3. Ensure high quality print

Companies can also use computer vision to ensure quality from the first stages of package printing. Computer vision can scan the package pixel-by-pixel, treating the entire surface—logo, typeface, background color and everything else on the package—like individual images. It examines these images, hunting for flaws. If a piece of copy is a skew, the color drifts out of specification or an extra line is added to a brand’s logo, the human eye may not consistently notice these errors, due to fatigue or distraction. Computer vision is uniquely able to compare the package to the digital prototype and spot these errors within seconds. When error detection is combined with process control, operators can adjust in real-time, creating higher quality prints and less waste on each print run.
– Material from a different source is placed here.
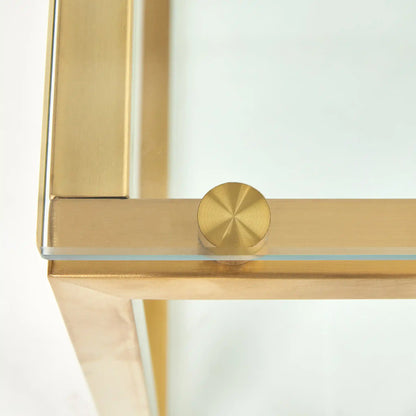 Barolo Gold Metal End Table – Brushed Gold Frame & Tempered Glass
4. Create an easier consumer purchase experience at the point of inspiration

Beyond higher quality, efficiency and the ability to see errors that humans cannot, computer vision allows apps to recognize products by their packaging, enabling consumers to see a product anywhere and immediately purchase it. Consumer-facing apps, like Amazon Flow, can identify products on a physical retail shelf, on your friend’s kitchen counter, at the office or wherever your day takes you. Then it presents you with options for purchasing that product, conveniently delivered to you by Amazon.
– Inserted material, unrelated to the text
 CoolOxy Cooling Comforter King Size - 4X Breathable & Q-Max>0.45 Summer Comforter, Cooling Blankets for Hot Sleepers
Consider the shopping habits of the woman I mentioned earlier; she’s looking for more product information and she’s looking at products with mobile apps like Amazon Flow as if retail shops are showroom floors. She is the average modern customer.

If a package has a logo, text, and colors that are easily recognized by computer vision apps, that product is more likely to end up in her cart or on her shopping list. Brand leaders need to produce packaging that is not only easily identifiable to the consumer, but also identifiable by computer vision to strengthen their position of preference.
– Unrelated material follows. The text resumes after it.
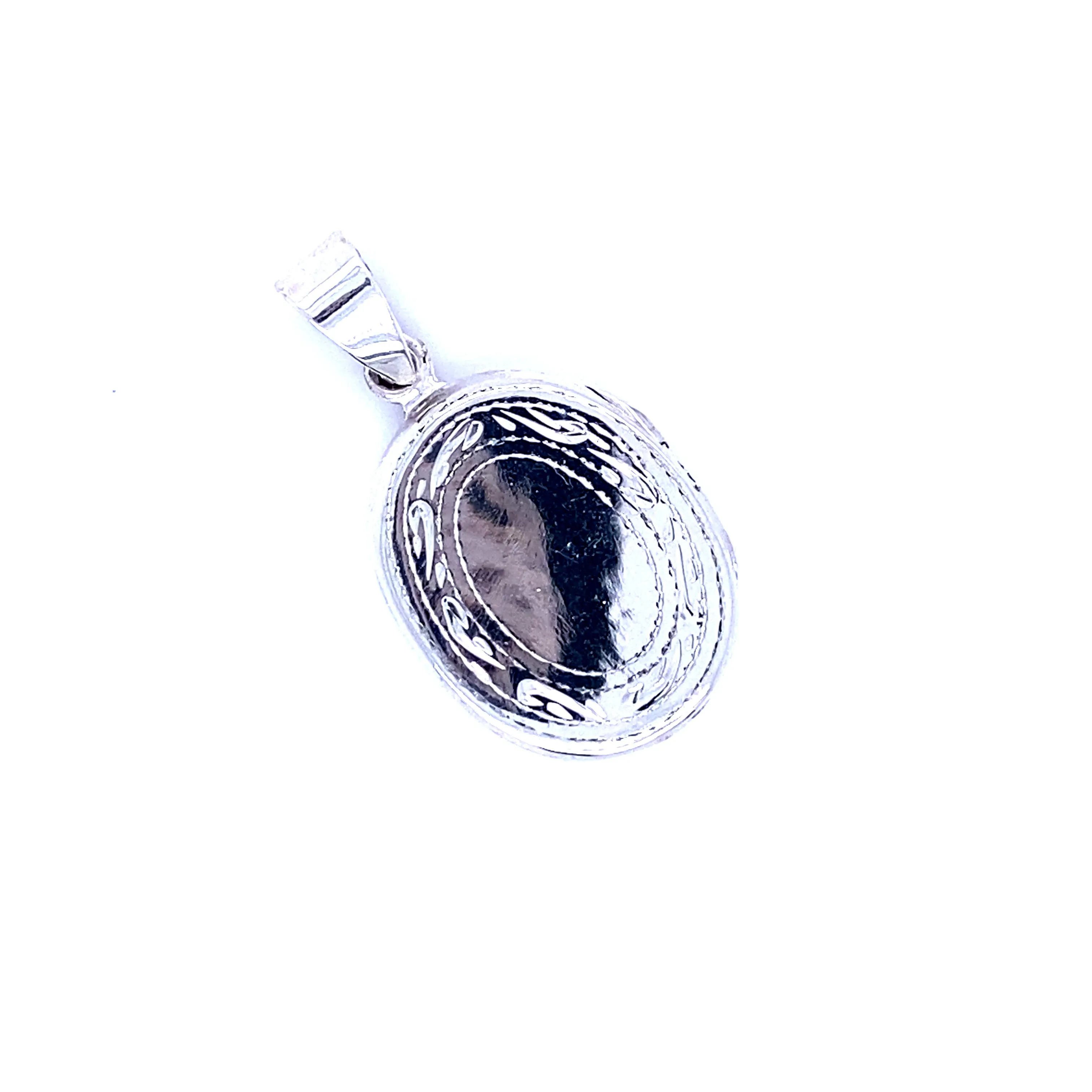 Oval Locket with Etched Border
Ten years ago, did you ever think you’d see consumers—from 10-year-olds to 100-year-olds—pointing cameras at retail products to find out more information? Computer vision may be an emerging technology, but it’s growing quickly and is already useful to CPG brand leaders. We must capitalize on the quality, efficiency, and recognition that computer vision brings to brands. Without taking steps toward adopting computer vision while it’s nascent, you risk being left behind when it’s ubiquitous.